The louvers, planned with intensive thermal and solar modeling, cut energy consumption by up to 20 percent, says Irwin—part of a sustainability strategy that includes a storm water management plan, massing that promotes natural breezes, and access to mass transit. The project is now aiming for LEED Gold certification.
Future Green’s landscape, extending from the building’s edges and stitching into the city’s rich tree canopy, delivers an equal edge. Often abutting concrete or steel planters and curbs, it’s moodier and more untamed than flowery or precious. A planned third tower, edged with a similar palette, will connect to the project via another bridge, creating a second portal down from the Beltline.

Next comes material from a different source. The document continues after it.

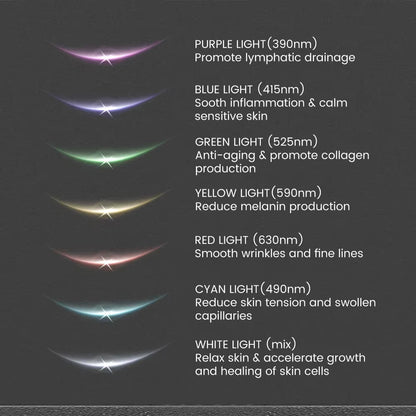 MicroGlow - Facelift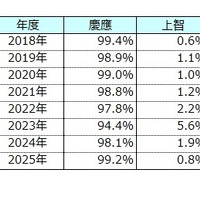 大学全体比較　慶應vs上智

Inside the Raw and Refined Office Spaces
Inside, like much of Olson Kundig’s work, public spaces have a tactile roughness, a welcome break from the typical sterile corporate office setting. There is a lot of exposed concrete, timber, and metal, much of it locally sourced. “We used every opportunity to allow the core materials to serve as the finish, which lets the construction and craft shine through,” says firm principal and founder Tom Kundig. “We also left the detailing uncomplicated, minimally finished, and honest in its expression.” Adds Murray: “You can’t just keep adding materials. Concrete is beautiful—expose it when you can. Expose the tectonics of the buildings. Hopefully the bones of the building read as art.”
Office floors, measuring 13-feet-by-6-inches slab to slab, are open, with varying floor plate depths, allowing each tenant—which include Mailchimp, One Trust bank, WPP marketing, and shared workplace space Industrious—to freely carve out their own niches within. (Mailchimp’s offices, by Studio O+A—with their vibrant art program, varied “neighborhoods,” and flexible “labs” and “everything” spaces, has gotten most of the attention so far.) The hillside site also provides sweeping views of the city. It all seems to be working: the building is now 98 percent leased, says Irwin.

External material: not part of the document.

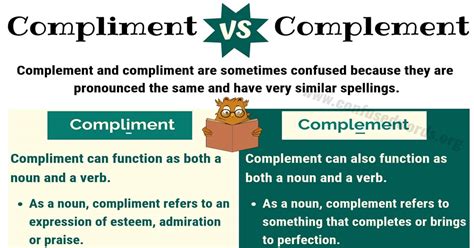 Compliment Vs Complement Difference Between Complement Vs Compliment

“If we can create all these great spaces, we create a place where people want to be,” he notes. “The portals, the hardscape, the stairs. All these things are in service of creating these interesting moments along the way. These fun elements of surprise and delight.” He adds: “We thought, ‘imagine if you actually enjoyed where you went to work every day?’”
Up next for Fourth Ward, in addition to Olson Kundig’s addition, are a collection of multifamily housing buildings by German architects Barkow Liebinger, sited on the development’s lower level. Per local inclusionary zoning rules, each will contain 10 percent affordable units. This is not, to be sure, affordable housing, but Irwin, who notes that this part of the Old Fourth Ward had essentially been an industrial wasteland (meaning no houses or local amenities had to be torn down) is confident that the Beltline—which traces of over 40 neighborhoods in the city—can accommodate change in a way the relatively focused High Line was not able to do. Each of Fourth Ward’s new pieces resume Irwin’s clear vision for new and vibrant design that is also sensitive and humane—something Irwin is carrying over with new projects in Nashville and Knoxville, Tennessee, which include work by Adjmi, S9, HKS, and local firm Smith Gee Studio.
“He fights for design while balancing budgets with the goal of creating better places that we all deserve,” says Kundig. “He’s the kind of developer I like to collaborate with and work alongside.” Adds Murray: “It’s an honor to be invited to a catalyst project like this. It’s good change. Visionary change.”